Stored entries:
========================================================================
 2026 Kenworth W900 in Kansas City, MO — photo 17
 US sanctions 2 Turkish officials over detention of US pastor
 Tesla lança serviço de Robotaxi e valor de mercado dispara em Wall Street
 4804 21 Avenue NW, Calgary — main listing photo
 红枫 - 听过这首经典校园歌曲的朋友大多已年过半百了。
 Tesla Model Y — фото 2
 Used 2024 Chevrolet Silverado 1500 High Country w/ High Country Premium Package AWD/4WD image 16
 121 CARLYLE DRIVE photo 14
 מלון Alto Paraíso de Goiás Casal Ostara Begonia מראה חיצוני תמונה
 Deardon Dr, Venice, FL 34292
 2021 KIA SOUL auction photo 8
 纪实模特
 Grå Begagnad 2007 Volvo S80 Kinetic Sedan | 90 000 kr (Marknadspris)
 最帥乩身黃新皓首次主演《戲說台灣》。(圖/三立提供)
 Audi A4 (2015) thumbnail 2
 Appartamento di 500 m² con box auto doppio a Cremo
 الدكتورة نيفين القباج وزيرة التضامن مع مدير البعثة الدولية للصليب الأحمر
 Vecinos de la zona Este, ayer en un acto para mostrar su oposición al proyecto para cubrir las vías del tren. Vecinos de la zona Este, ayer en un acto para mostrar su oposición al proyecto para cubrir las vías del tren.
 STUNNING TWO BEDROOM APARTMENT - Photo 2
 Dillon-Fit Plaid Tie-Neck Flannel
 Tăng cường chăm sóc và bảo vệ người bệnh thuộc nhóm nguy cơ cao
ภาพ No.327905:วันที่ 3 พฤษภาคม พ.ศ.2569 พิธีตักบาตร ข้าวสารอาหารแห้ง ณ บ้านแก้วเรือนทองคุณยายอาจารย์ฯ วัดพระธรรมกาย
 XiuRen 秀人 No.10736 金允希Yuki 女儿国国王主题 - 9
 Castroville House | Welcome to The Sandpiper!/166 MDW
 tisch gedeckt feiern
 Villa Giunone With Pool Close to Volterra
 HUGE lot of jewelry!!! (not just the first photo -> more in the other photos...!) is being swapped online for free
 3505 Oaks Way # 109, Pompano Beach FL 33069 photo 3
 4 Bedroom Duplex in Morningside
========================================================================
ACTIVITY — Beginning at the line above with "الدكتورة نيفين القباج" and finishing at the line with "ภาพ No.327905:วันที่ 3", return each line exactly and return nothing else.

RESPONSE —
 الدكتورة نيفين القباج وزيرة التضامن مع مدير البعثة الدولية للصليب الأحمر
 Vecinos de la zona Este, ayer en un acto para mostrar su oposición al proyecto para cubrir las vías del tren. Vecinos de la zona Este, ayer en un acto para mostrar su oposición al proyecto para cubrir las vías del tren.
 STUNNING TWO BEDROOM APARTMENT - Photo 2
 Dillon-Fit Plaid Tie-Neck Flannel
 Tăng cường chăm sóc và bảo vệ người bệnh thuộc nhóm nguy cơ cao
ภาพ No.327905:วันที่ 3 พฤษภาคม พ.ศ.2569 พิธีตักบาตร ข้าวสารอาหารแห้ง ณ บ้านแก้วเรือนทองคุณยายอาจารย์ฯ วัดพระธรรมกาย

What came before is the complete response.